EXERCISE PROMPT: Could the data below be printed out exactly, with the pictures left out?

Stored data entries:
⟨

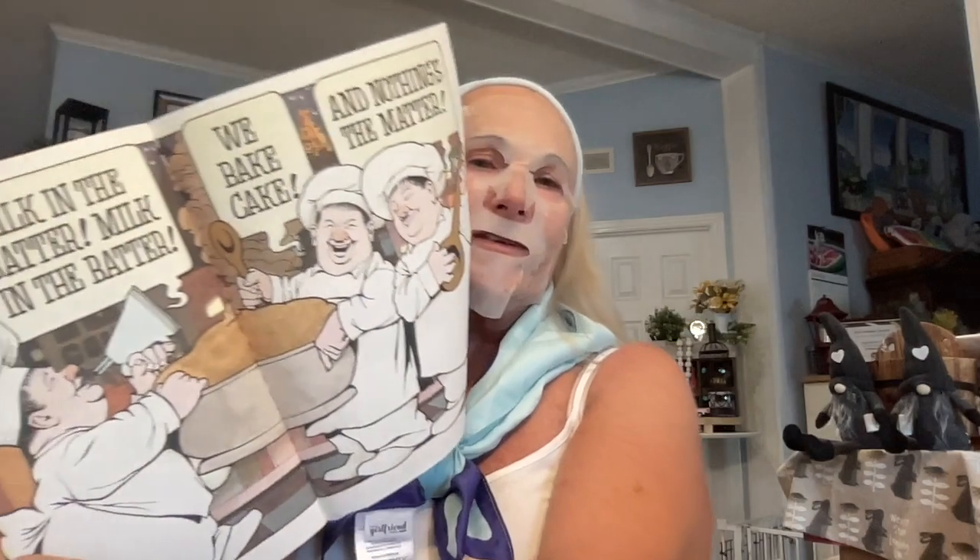We have a book called 'In the Night Kitchen' — now it makes sense with the cassette! It says 'Milk in the batter, milk in the batter, we bake cake, we bake cake, and nothing's the matter' — it has a little rhyme. This is by Maurice Sendak. It doesn't show what year it was made, but it's a very nice vintage read-along. We also have a cassette called 'The Mermaid.'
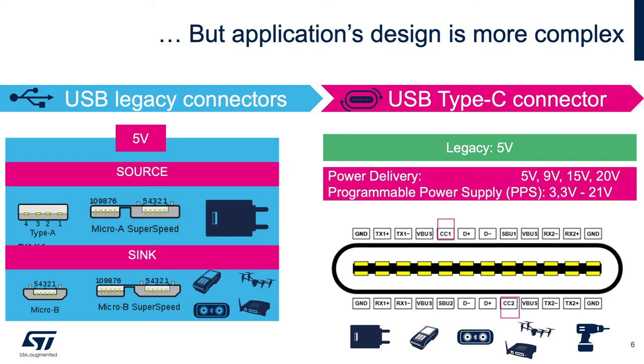But now, seeing as the Type-C connector is reversible, the application can be sink or source. The power role is now defined electronically by the configuration channel pins, CC1 and CC2.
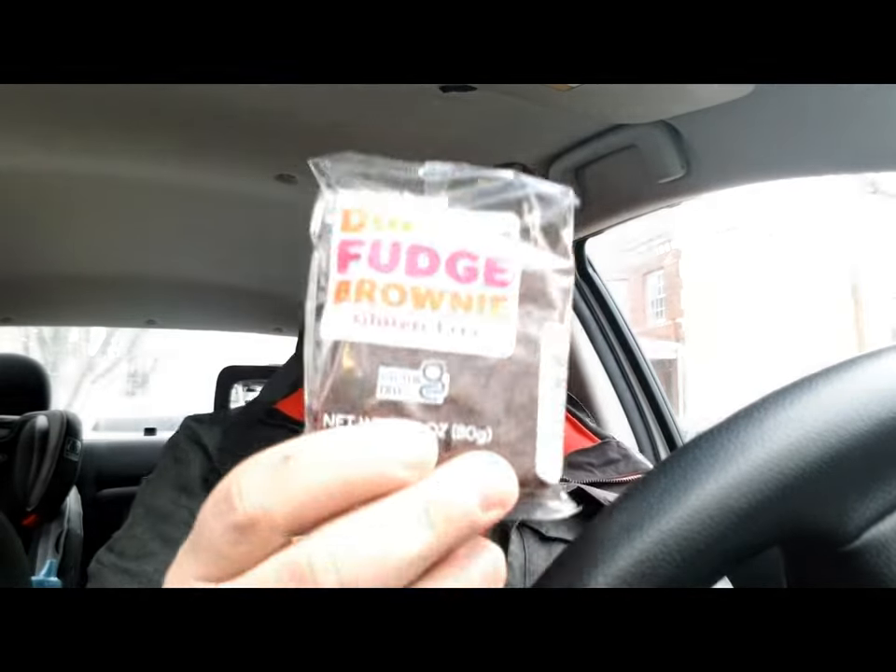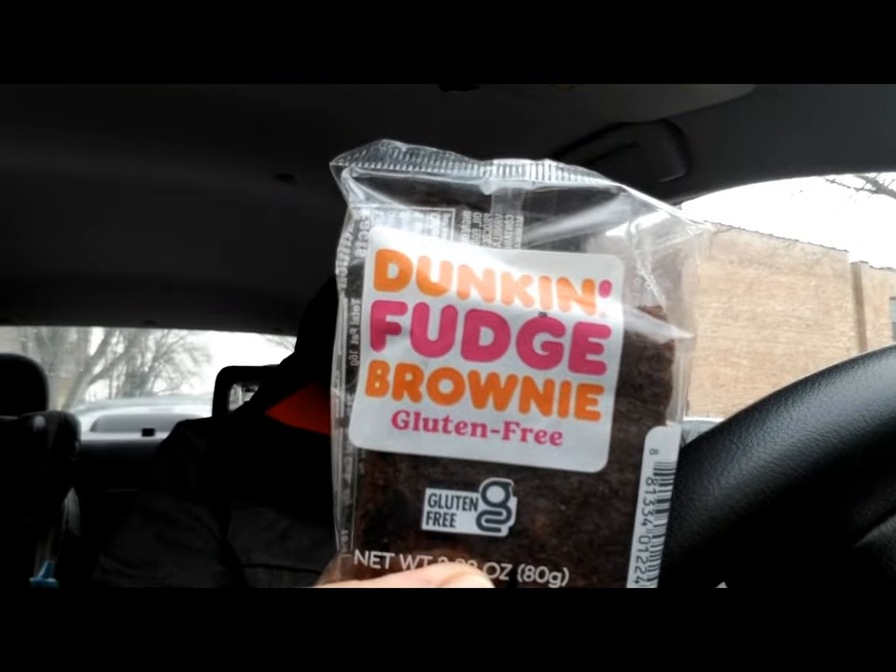For both of these, I like them. I like them way better than the Supercharged original I had last time. Oh, I have one more thing. Their advertising is new — the Dunkin' Fudge Brownie Gluten-Free.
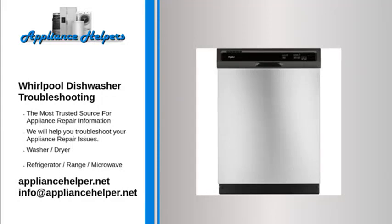Whirlpool dishwasher troubleshooting: if you're looking for help fixing your Whirlpool dishwasher, look no further. Our comprehensive Whirlpool dishwasher troubleshooting guide will explain common issues, provide tips, and show you how to read your model's error codes.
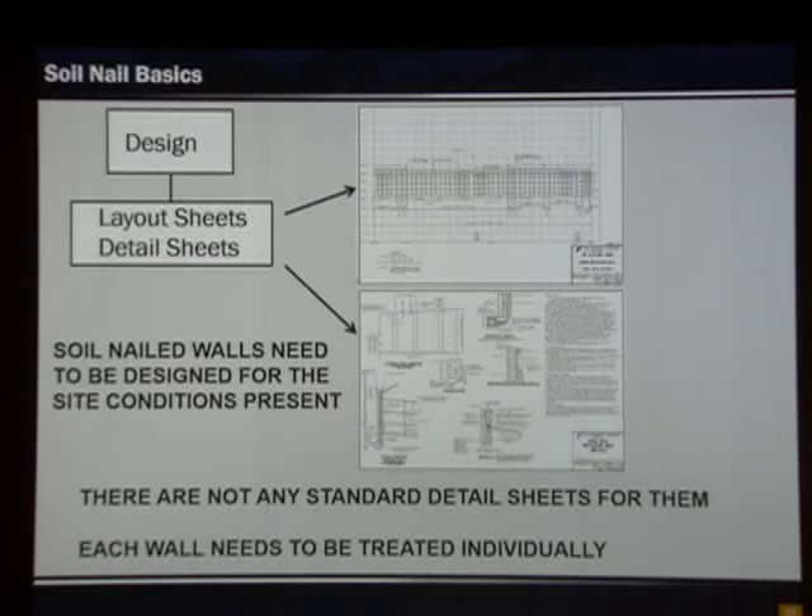Let's get into where problems often occur — detailing. We finished the design and now we want to do the detailing, which includes two parts: nail layout sheets and the detail sheet. The detail sheet governs construction and tells us typical nail spacings. There are no standard sheets for these — each wall needs to be treated individually because we're designing for the specific site conditions present.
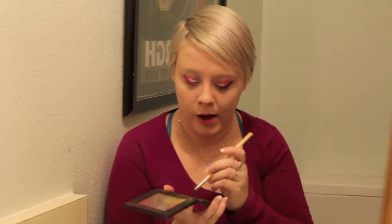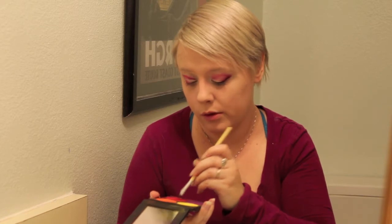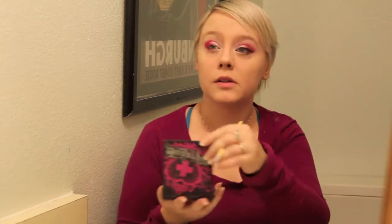I'm also going to take a little bit more of that red and put it in the crease again for a little more definition. I'll also put it into the very corner of my bottom lid. Then I'm going to go ahead and blend everything really nicely.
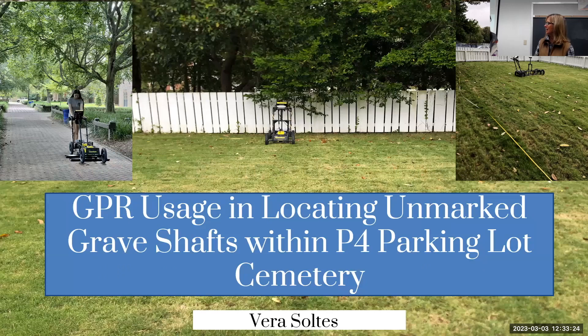We've got another wonderful talk by Vera. This is really interesting — she's going into the spooky cemetery.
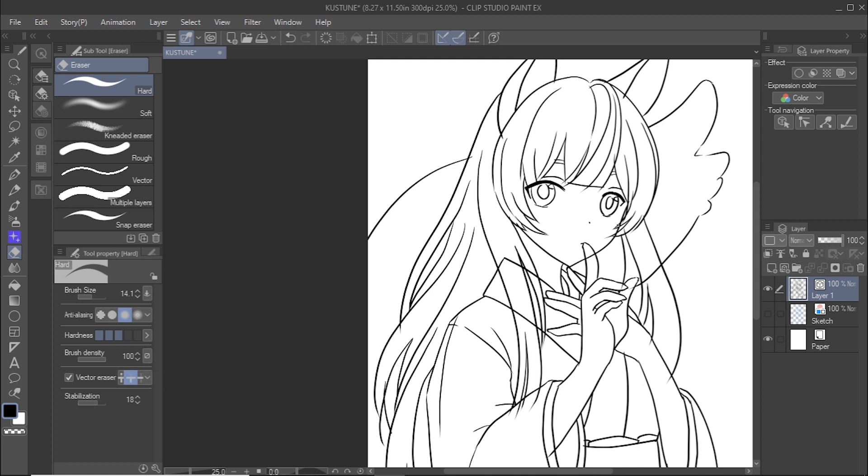Now that I have completed inking, I can go back to erase any unnecessary lines with the vector eraser.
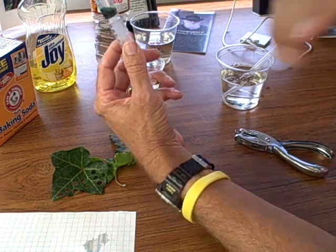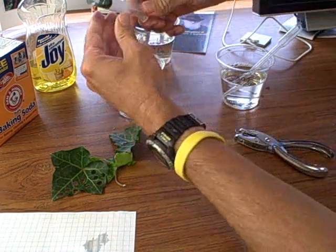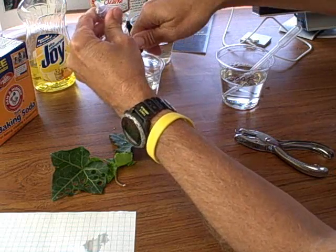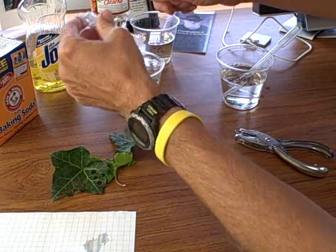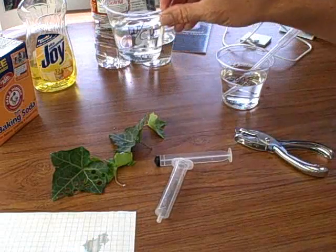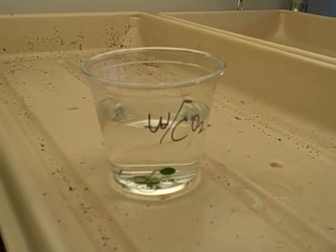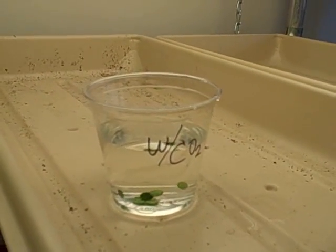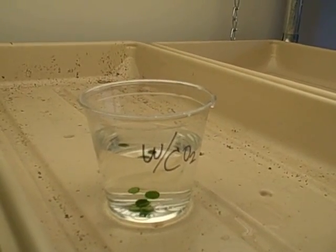This one's ready to go. I dump them out and they're all in there. Now I place it underneath the light. We're at six and a half minutes and I just swirled it a minute ago.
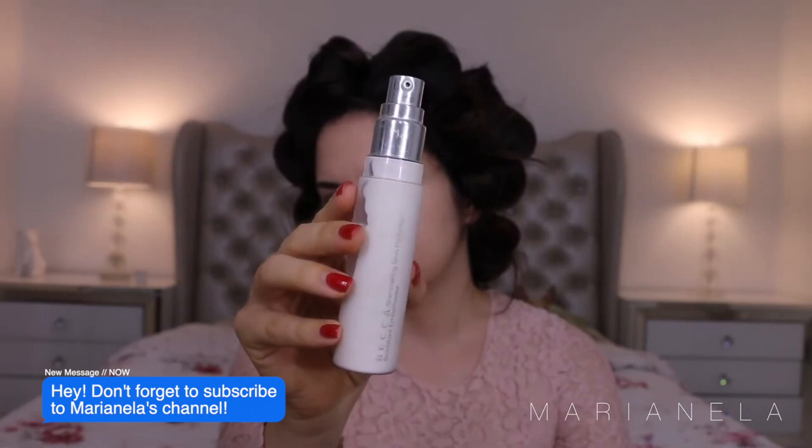For this look, I am going to use this shimmering perfecter on my cheeks, on the bridge of my nose, and on my eyelids — just to strobe so that I have a little bit more highlight. I am using my beauty blender to blend everything in perfectly together.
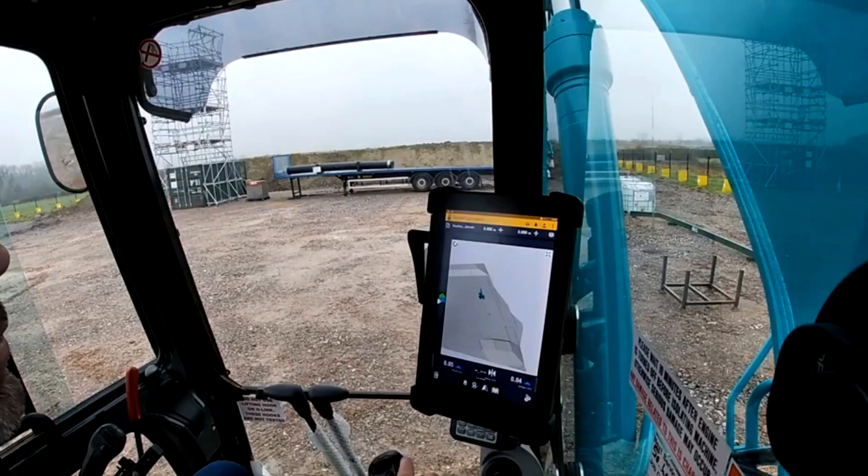Hello everyone, I'm Dale from Plant Force Rentals. I deal with all the machine control training for the business and we're here at Weston-super-Mare at the training facility in the demo area at the college.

⟩

OUTPUT FOR THIS EXERCISE:
We have a book called 'In the Night Kitchen' — now it makes sense with the cassette! It says 'Milk in the batter, milk in the batter, we bake cake, we bake cake, and nothing's the matter' — it has a little rhyme. This is by Maurice Sendak. It doesn't show what year it was made, but it's a very nice vintage read-along. We also have a cassette called 'The Mermaid.'
But now, seeing as the Type-C connector is reversible, the application can be sink or source. The power role is now defined electronically by the configuration channel pins, CC1 and CC2.
For both of these, I like them. I like them way better than the Supercharged original I had last time. Oh, I have one more thing. Their advertising is new — the Dunkin' Fudge Brownie Gluten-Free.
Whirlpool dishwasher troubleshooting: if you're looking for help fixing your Whirlpool dishwasher, look no further. Our comprehensive Whirlpool dishwasher troubleshooting guide will explain common issues, provide tips, and show you how to read your model's error codes.
Let's get into where problems often occur — detailing. We finished the design and now we want to do the detailing, which includes two parts: nail layout sheets and the detail sheet. The detail sheet governs construction and tells us typical nail spacings. There are no standard sheets for these — each wall needs to be treated individually because we're designing for the specific site conditions present.
I'm also going to take a little bit more of that red and put it in the crease again for a little more definition. I'll also put it into the very corner of my bottom lid. Then I'm going to go ahead and blend everything really nicely.
We've got another wonderful talk by Vera. This is really interesting — she's going into the spooky cemetery.
Now that I have completed inking, I can go back to erase any unnecessary lines with the vector eraser.
This one's ready to go. I dump them out and they're all in there. Now I place it underneath the light. We're at six and a half minutes and I just swirled it a minute ago.
For this look, I am going to use this shimmering perfecter on my cheeks, on the bridge of my nose, and on my eyelids — just to strobe so that I have a little bit more highlight. I am using my beauty blender to blend everything in perfectly together.
Hello everyone, I'm Dale from Plant Force Rentals. I deal with all the machine control training for the business and we're here at Weston-super-Mare at the training facility in the demo area at the college.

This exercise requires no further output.